═══ Input material

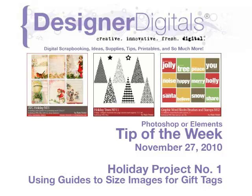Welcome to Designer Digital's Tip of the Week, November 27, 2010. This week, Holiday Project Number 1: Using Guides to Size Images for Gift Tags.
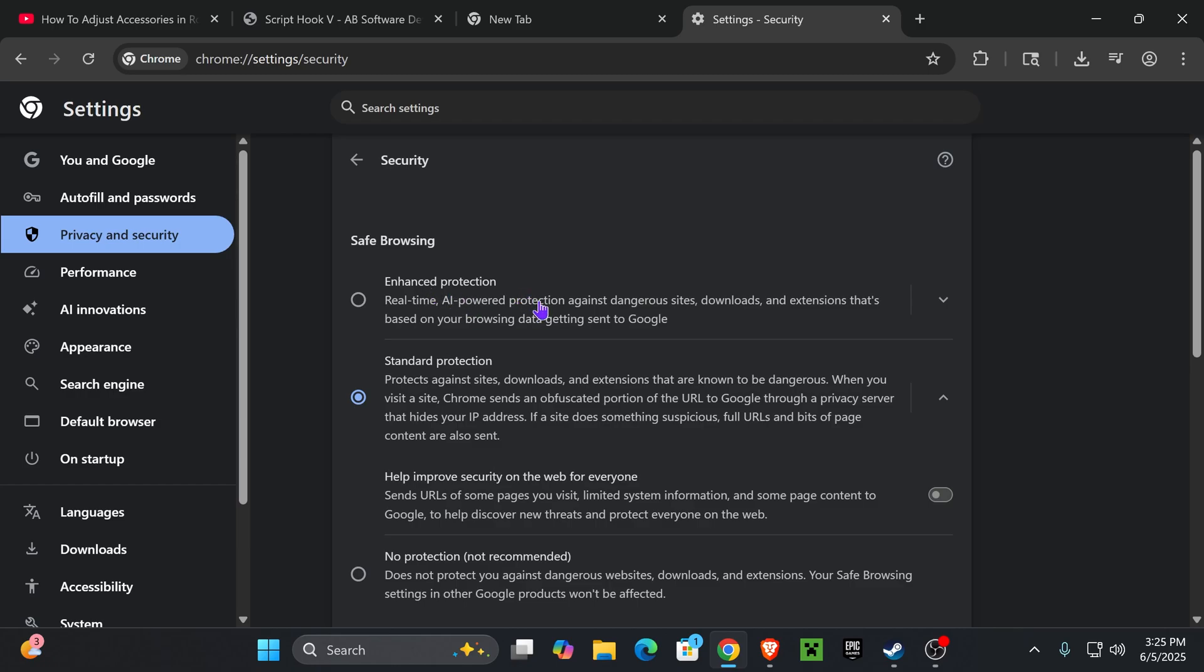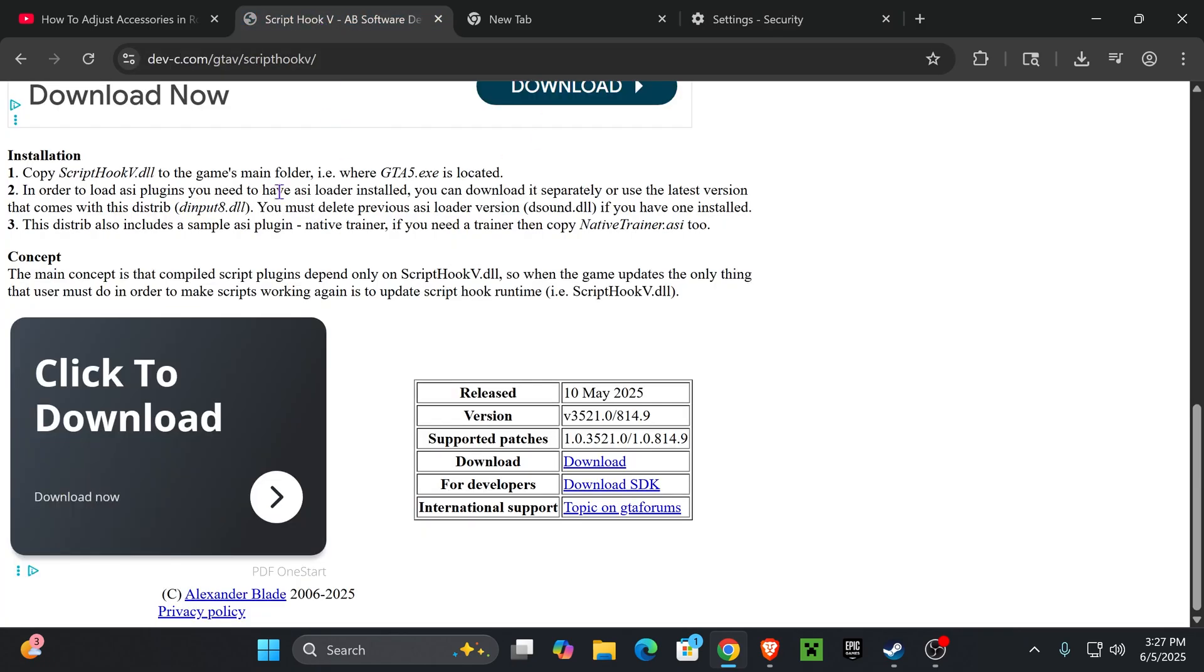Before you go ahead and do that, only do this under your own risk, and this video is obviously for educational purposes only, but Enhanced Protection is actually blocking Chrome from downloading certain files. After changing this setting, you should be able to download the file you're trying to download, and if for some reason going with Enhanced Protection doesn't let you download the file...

══════
═══ Input material

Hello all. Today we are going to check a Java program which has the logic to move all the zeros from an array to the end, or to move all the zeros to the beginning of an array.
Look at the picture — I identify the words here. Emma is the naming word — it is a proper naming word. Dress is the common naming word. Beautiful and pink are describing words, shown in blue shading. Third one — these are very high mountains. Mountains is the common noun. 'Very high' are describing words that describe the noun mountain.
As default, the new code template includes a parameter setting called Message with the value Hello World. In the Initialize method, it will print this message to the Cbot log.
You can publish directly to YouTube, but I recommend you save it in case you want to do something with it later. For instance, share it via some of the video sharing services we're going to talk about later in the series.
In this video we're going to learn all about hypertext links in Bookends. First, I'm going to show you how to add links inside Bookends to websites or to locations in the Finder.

══════

Task instructions: Your answer must consist solely of the lines above between the line holding "Look at the" and the line holding "As default, the", inclusive, copied exactly.

Exercise response:
Look at the picture — I identify the words here. Emma is the naming word — it is a proper naming word. Dress is the common naming word. Beautiful and pink are describing words, shown in blue shading. Third one — these are very high mountains. Mountains is the common noun. 'Very high' are describing words that describe the noun mountain.
As default, the new code template includes a parameter setting called Message with the value Hello World. In the Initialize method, it will print this message to the Cbot log.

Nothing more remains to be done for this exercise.